The FBI in this specific circumstance is not requiring that Apple unlock this iPhone. In this circumstance, the FBI is also not requiring Apple apply a new form of cryptography to this or other iPhones (we’ll get to this later). However, the FBI is requiring that Apple develop and install software on this iPhone to allow the Bureau to run possible passcode combinations until the phone unlocks without fear of triggering the security countermeasures that erase data on the device automatically.
The legal arguments behind the Apple v. FBI1 case are the subject of intense scrutiny, although despite that scrutiny, the case itself is regularly mischaracterized. One side alleges the FBI is desperately seeking precedent necessary to unlock millions of devices through one of any manner of doors using only the antiquated All Writs Act of 1789 (“AWA”) as the key. Meanwhile the other side alleges Apple is preventing access to just a single phone—one belonging to a dead ISIS terrorist, no less—in what amounts to nothing more than a twisted marketing ploy. We believe both characterizations factually miss the mark, and in so doing, obscure the ramifications of the case itself.

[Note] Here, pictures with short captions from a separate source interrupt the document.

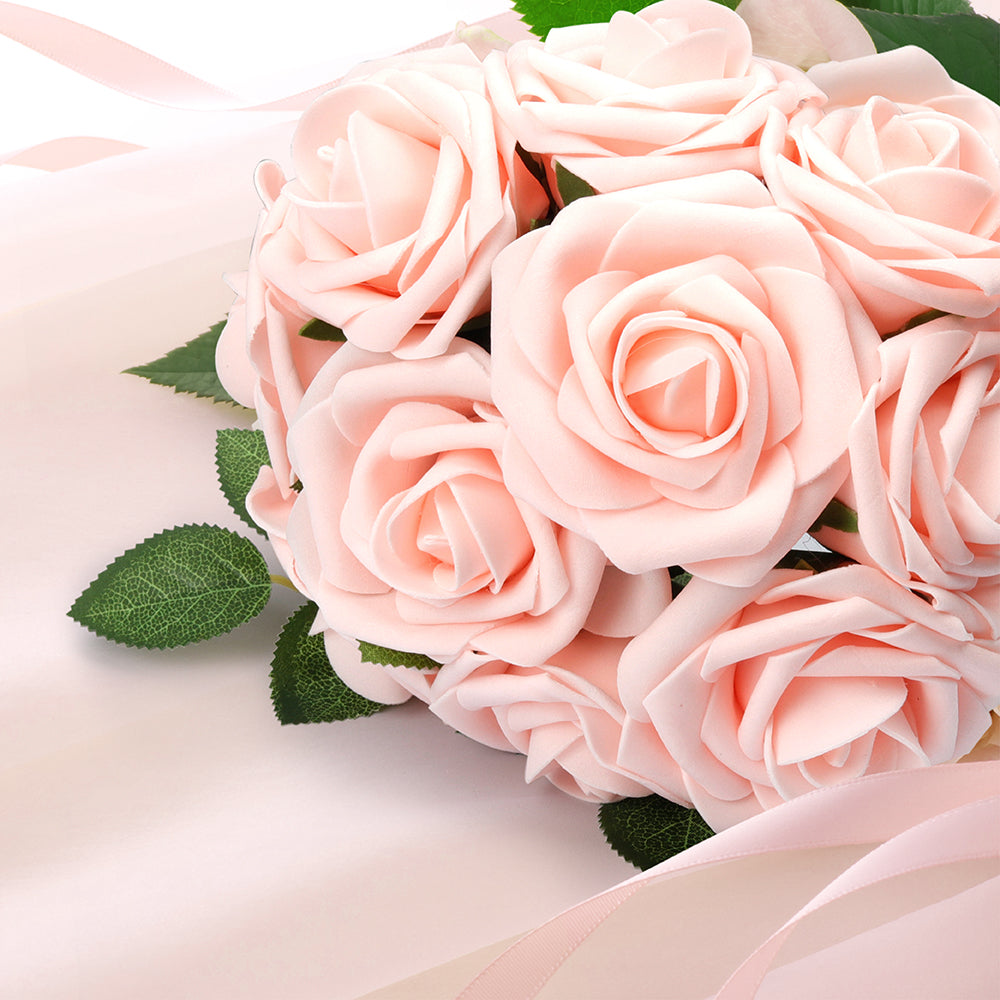 Mocoosy 50Pcs Rose Artificial Flowers, Blush Pink Roses for Decoration, Real Touch Foam Fake Roses Bulk with Stems DIY Wedding Bouquet Centerpiece Floral Arrangement Mothers Day Party Home Table Decor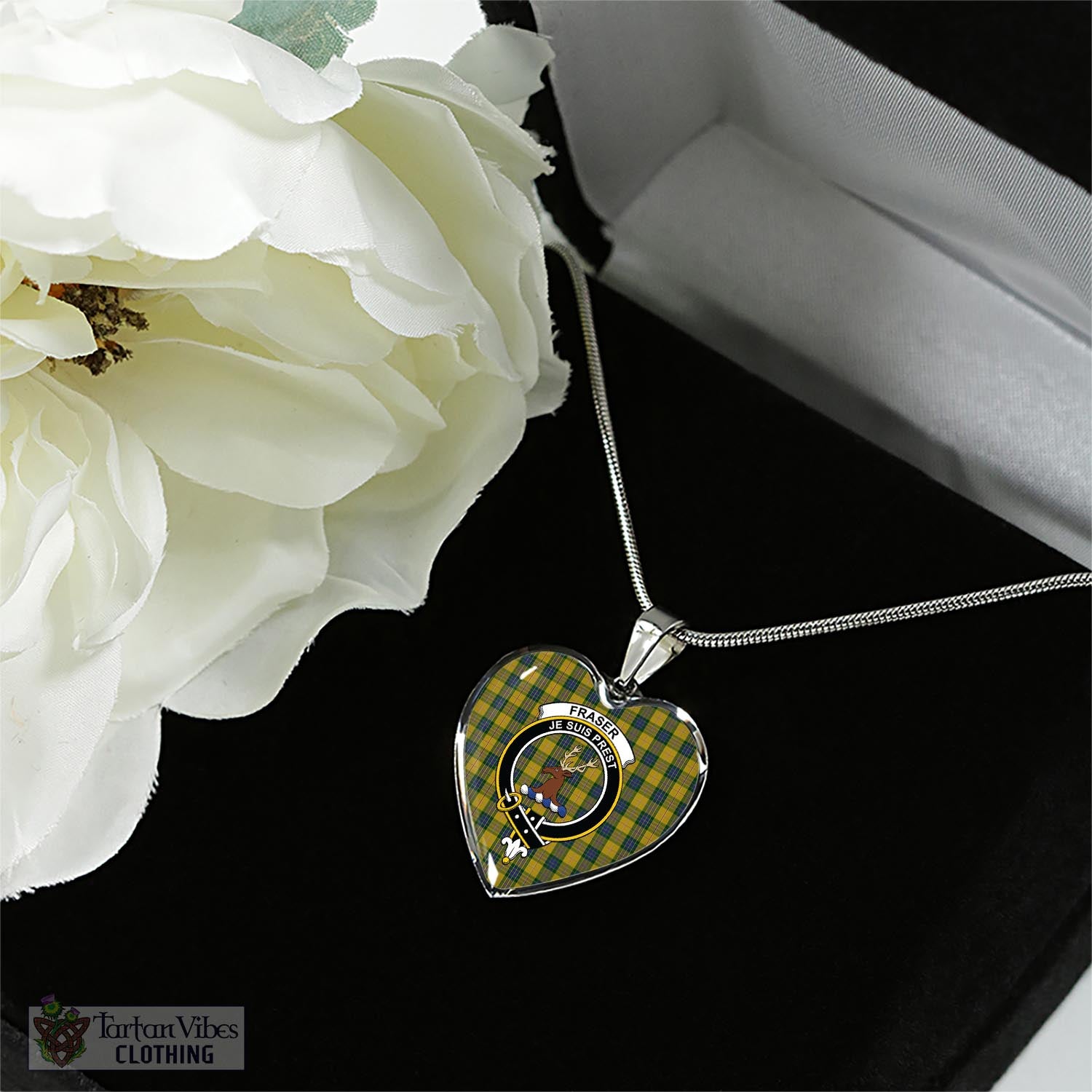 Tartan Vibes Clothing Fraser Yellow Tartan Heart Necklace with Family Crest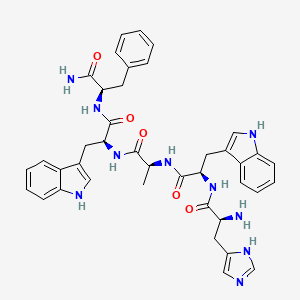 molecular formula C40H44N10O5 B14397977 L-Histidyl-D-tryptophyl-L-alanyl-L-tryptophyl-D-phenylalaninamide CAS No. 87601-78-3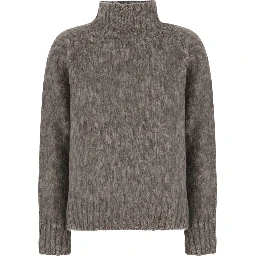 ANATOLIA beige high-neck sweater with brushed effect in cashmere Blend women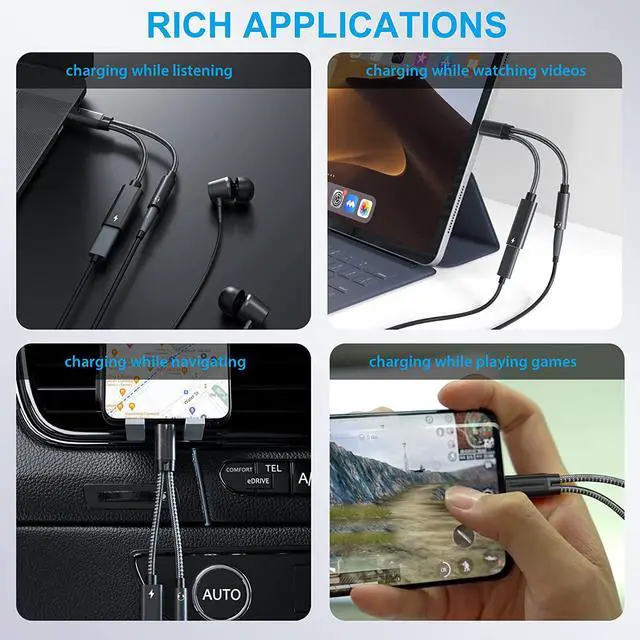 Alt view image 7 of 7 - USB C to 3.5mm Audio and Charger Adapter, Embedded Conexant Chip for Static-Free and HiFi Stereo Sound, 2 in 1 Car Aux Cord, PD 60W Fast Charging Cable, Compatible with Type C Phones, iPad, Tablets
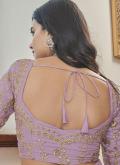 Purple Sequins Work Art Silk Lehenga Choli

The outcomes of this matter depend heavily on how the court interprets the powers and limits of the AWA. Apple raised interesting First and Fifth Amendment arguments, however, these are less likely to be deciding factors in the case, so we will leave those for others to assess. Ultimately, the court must decide two fundamental questions: Is the AWA applicable to this case, and if so, would the AWA allow a court to order Apple to create a new, but insecure, version of iOS?
Does the AWA apply?
The AWA was passed as part of the Judiciary Act of 1789, the same act that created the U.S. federal court system. The AWA provides that courts may issues all writs—or orders—that are necessary or appropriate in aid of their respective jurisdictions and agreeable to the usages and principles of law. In other words, courts can issue writs to “fill gaps” as necessary to give effect to various aspects of the judicial duties. The AWA appeared early in U.S. judicial history, even playing a part in the case Marbury v. Madison, a landmark case forming the basis for the exercise of judicial review. In the time since, it has been used in cases ranging from requiring custodians to bring a prisoner to court for their own appeal (filling a gap in the traditional writ of Habeas Corpus) to compelling phone companies to place a pen register on a phone line. Thus, the AWA has been both hero and villain in vindicating the constitutional rights of defendants, while also giving rise to contentious expansions of courts’ constitutional authority.